NOVO-OGARYOVO, RUSSIA —15 JUNE
“It’s time, Oleg Stefanovich —we are going to war.”
The president pushed back from the dining table, wiped his mouth with a white cloth napkin, tossed an unfinished piece of sausage to his black Lab, Nikita, and strode straight out the French doors and across the lawn to the chopper spooling up on the helipad. Luganov had finished his morning routine —an hour in the gym, an hour in the pool, and a hearty breakfast of fresh black coffee, freshly squeezed orange juice, an omelet made of quail eggs, and a side of cottage cheese. Now Aleksandr Luganov had called for a meeting of his inner circle back in Moscow at precisely noon, and he was not a man willing to be late.
Oleg did not get up from the table immediately. He was still reeling from the astonishing plan his father-in-law had just laid out for him. Over the years, Oleg had tried hard to close his eyes to the man’s history of saying and doing the morally dubious. But what Luganov was describing now was downright insane. He was actually talking about invading not one but three NATO countries, doing so simultaneously, and launching this brazen and unprovoked attack soon —within a matter of months —before Brussels, much less Washington, had a chance to know what was coming. Luganov had hinted at and alluded to such ideas before. Oleg had heard him ask questions of his generals and intelligence officials that suggested he was giving some thought to such madness. But Oleg had never taken any of it seriously. Until now.
Oleg turned and stared out the window as the president was saluted by an honor guard and boarded the helicopter. Oleg berated himself for remaining silent throughout the one-sided discussion. He had not raised any objection nor even asked a question. Yet how was he supposed to respond to such a plan? He was counselor to a man who neither sought nor brooked any counsel other than his own. Surely Petrovsky and Nimkov would see it as madness, he tried to assure himself. If anyone could wave the president off such a scheme, it would be one or both of them.

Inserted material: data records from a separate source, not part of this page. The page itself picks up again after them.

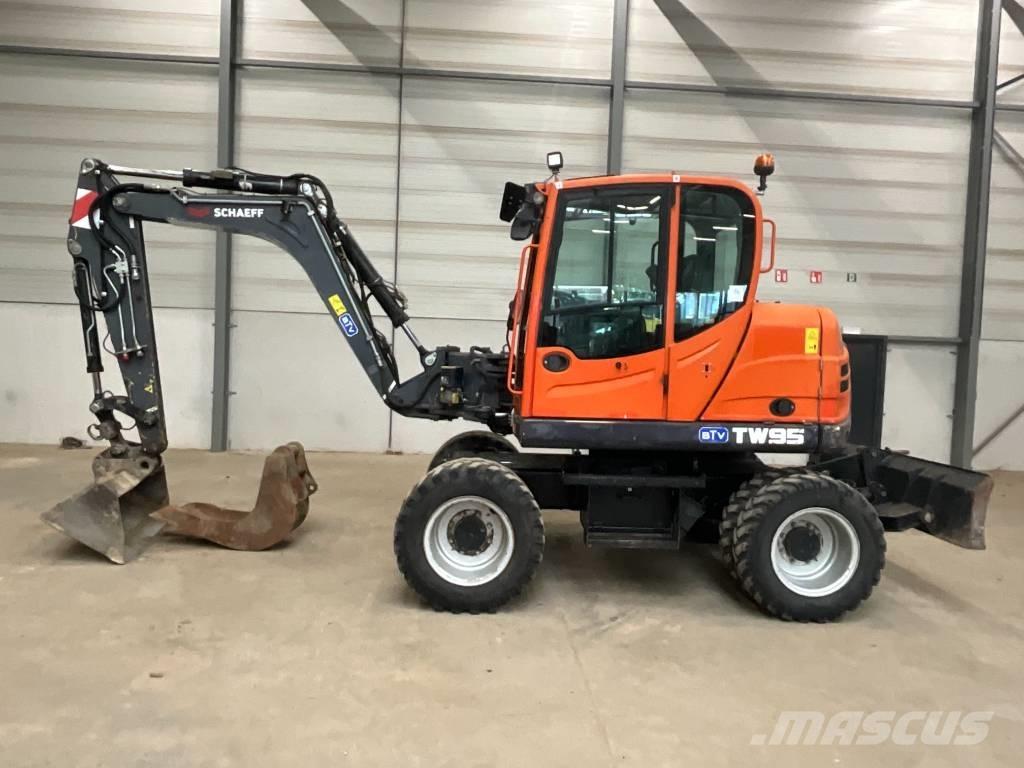 Yanmar TW 95 ホイール式油圧ショベル（パワーショベル・ユンボ・バックホー）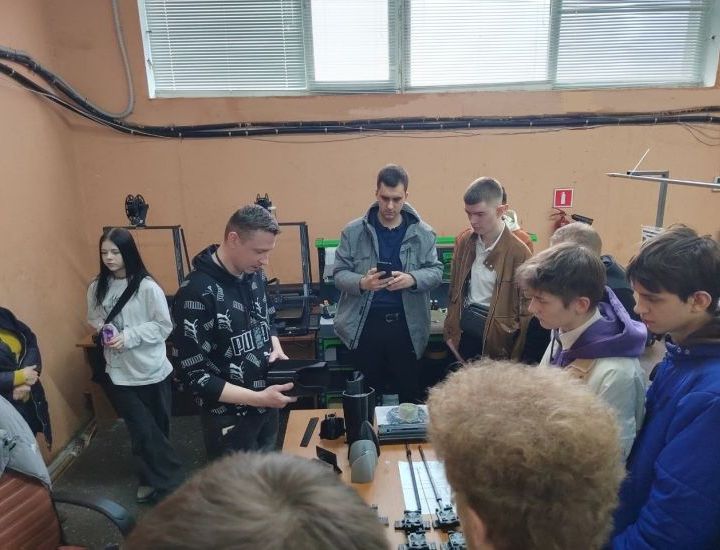 "Импульс-Атом" познакомил студентов с производством беспилотной техники "Импульс-Атом" познакомил студентов с производством беспилотной техники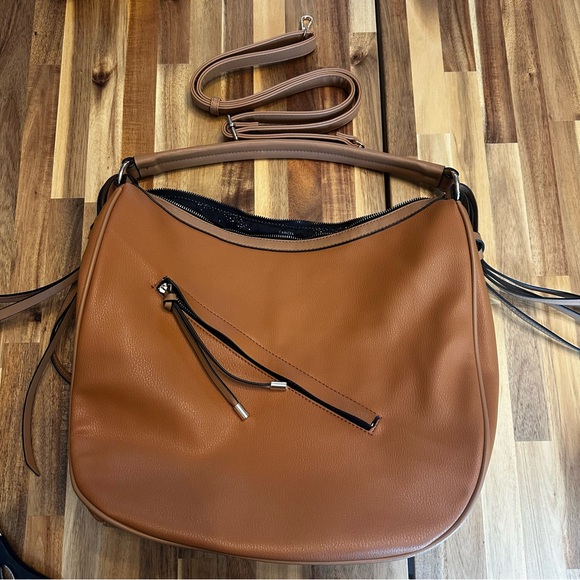 Malibu Skye: Lianne Top Zip Hobo Vegan Leather Shoulder‎ Bag NWOT - Picture 4 of 13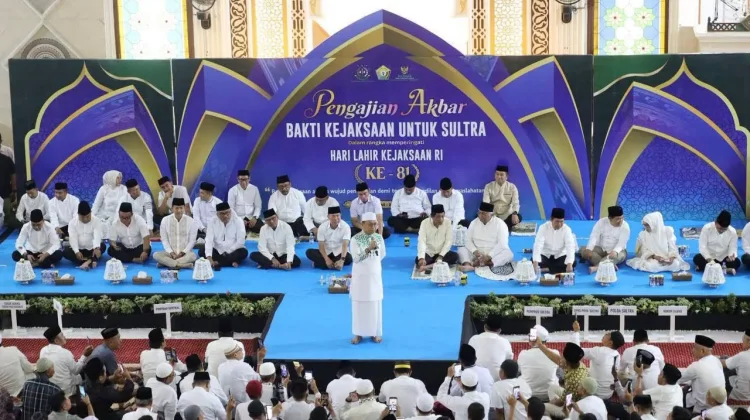 Plt. Bupati Koltim Hadiri Pengajian Akbar HUT Kejaksaan RI di Kendari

Oleg badly needed a cigarette, but clearly there wasn’t going to be time for that. The whine of the rotors pierced the vast rooms of the mansion, and Oleg knew he needed to get moving. The clearest sign that this plan was not a whim but something Luganov was actively weighing was the fact that he was heading back to the Kremlin to meet with his war cabinet. These days his father-in-law seemed increasingly annoyed by any time he had to spend with his cabinet or senior staff. In recent months he had routinely canceled meetings and asked for senior officials to route written questions through his chief of staff or through Oleg himself. Oleg often found himself drafting replies to this never-ending flood of queries on every manner of subject. Professionally, this made Oleg a more valuable advisor than ever. He had more access to the president than almost any other human being. Strategically, however, he was worried. The president was slowly yet steadily narrowing his inner circle. He was getting input from fewer and fewer people. The minister of defense, army chief of staff, and the head of the FSB still had a great deal of access and were summoned —or at least telephoned —more than most. Those officials who handled such mundane matters as the budget or infrastructure or education got almost no time from the president at all.

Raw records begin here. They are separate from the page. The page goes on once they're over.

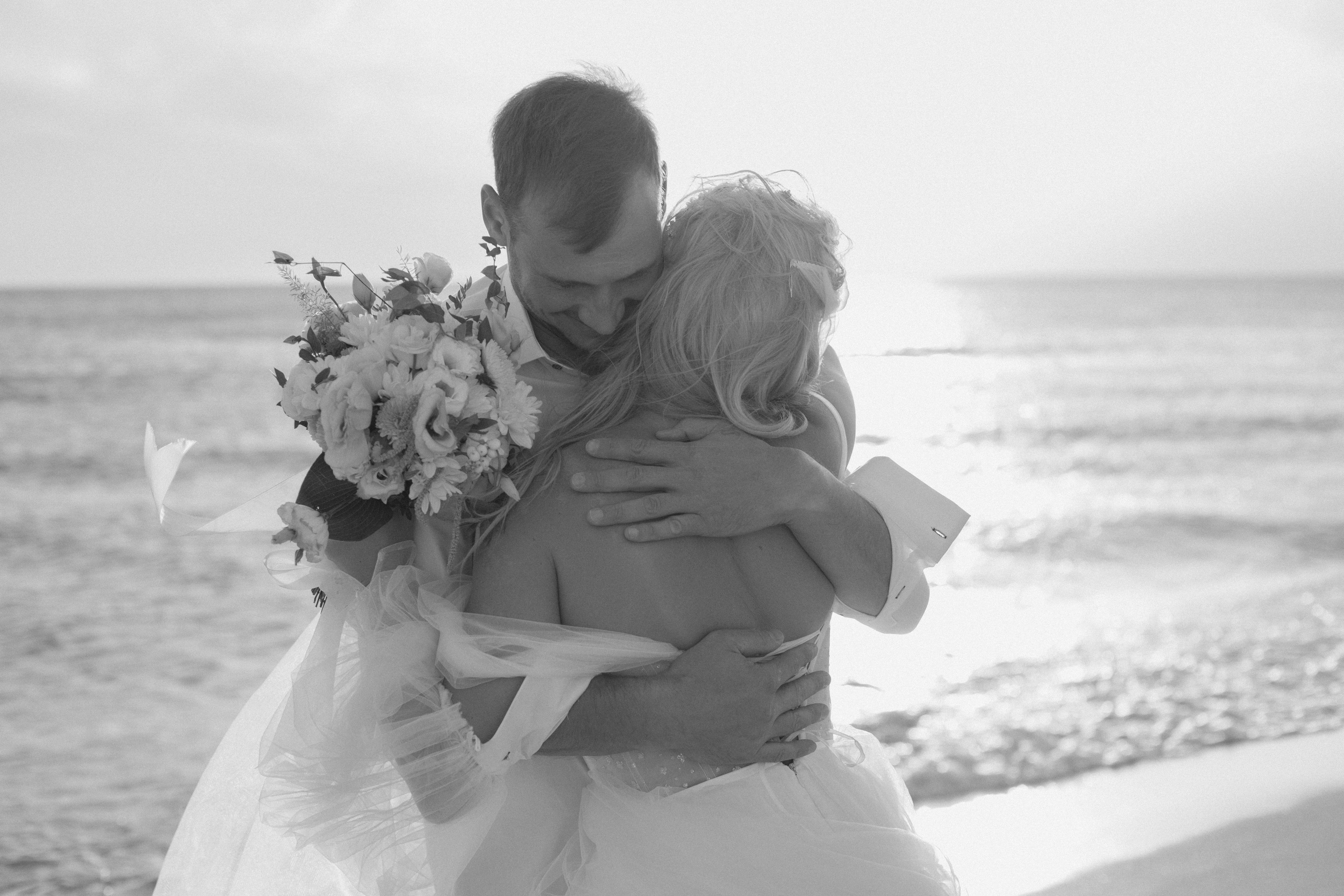 «Начало любви на побережье Поповки: история свадьбы, застывшая в кадре». Свадебный фотограф Мироманов Николай в Крыму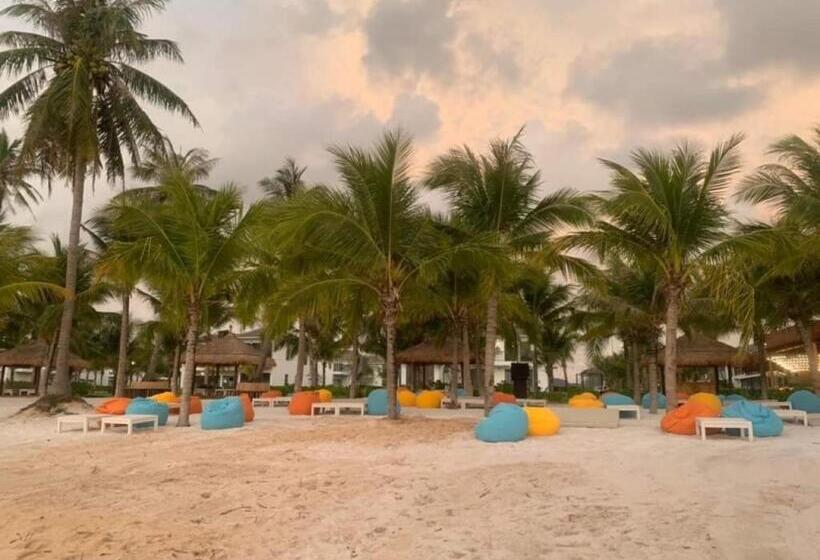 Anise Hotel Sonasea Night Market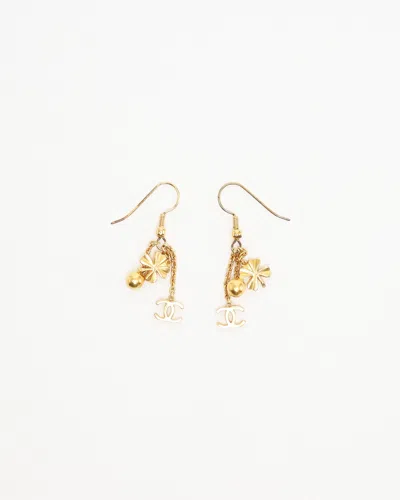 Pre-owned Chanel Clover Coco Earrings In Gold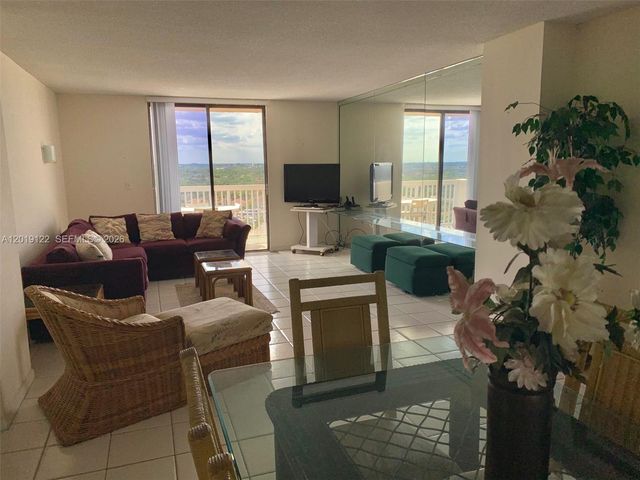 1500 S Ocean Drive 17E, Hollywood, FL 33019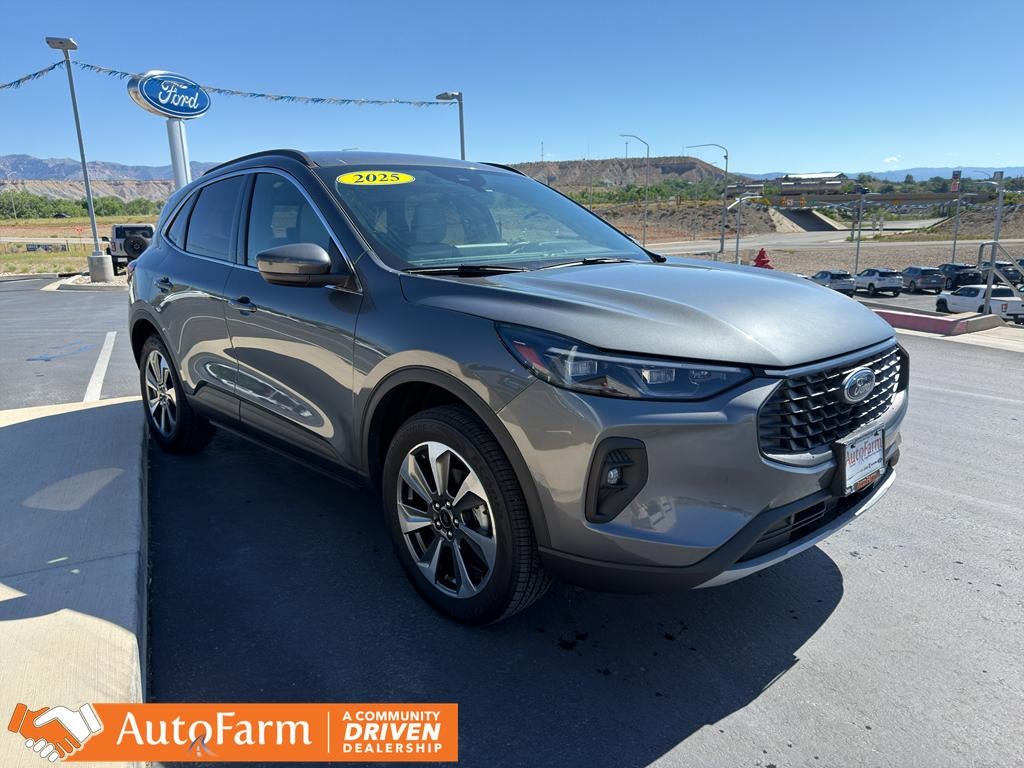 2025 Ford Escape Platinum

As Luganov increasingly withdrew from the petty nuisance of meeting with subordinates, he spent less and less time in his office. Occasionally it was unavoidable, such as when various world leaders came to see him. Then the police would block off highways and side streets so his motorcade could whisk him to the Kremlin. Other times, like today, he would chopper in, an arrangement that allowed him to spend more and more time working out of Novo-Ogaryovo, his immense palace west of the city, valued at over $200 million.
Often his mistress stayed there as well. This made it exceedingly awkward when Luganov insisted that Oleg sleep there so they could work late. Katya Slatsky was at least thirty-five years the president’s junior. The girl was stunningly beautiful, to be sure. But she was young enough to be the man’s daughter. Indeed, she was actually younger than Marina, who hated the whore who had replaced her mother with an intensity that only Oleg saw. Marina had never expressed or even hinted at such feelings to her father. Whether this was out of love or fear, Oleg could not say. Fortunately, Katya had not been there last night, and Luganov had been all business.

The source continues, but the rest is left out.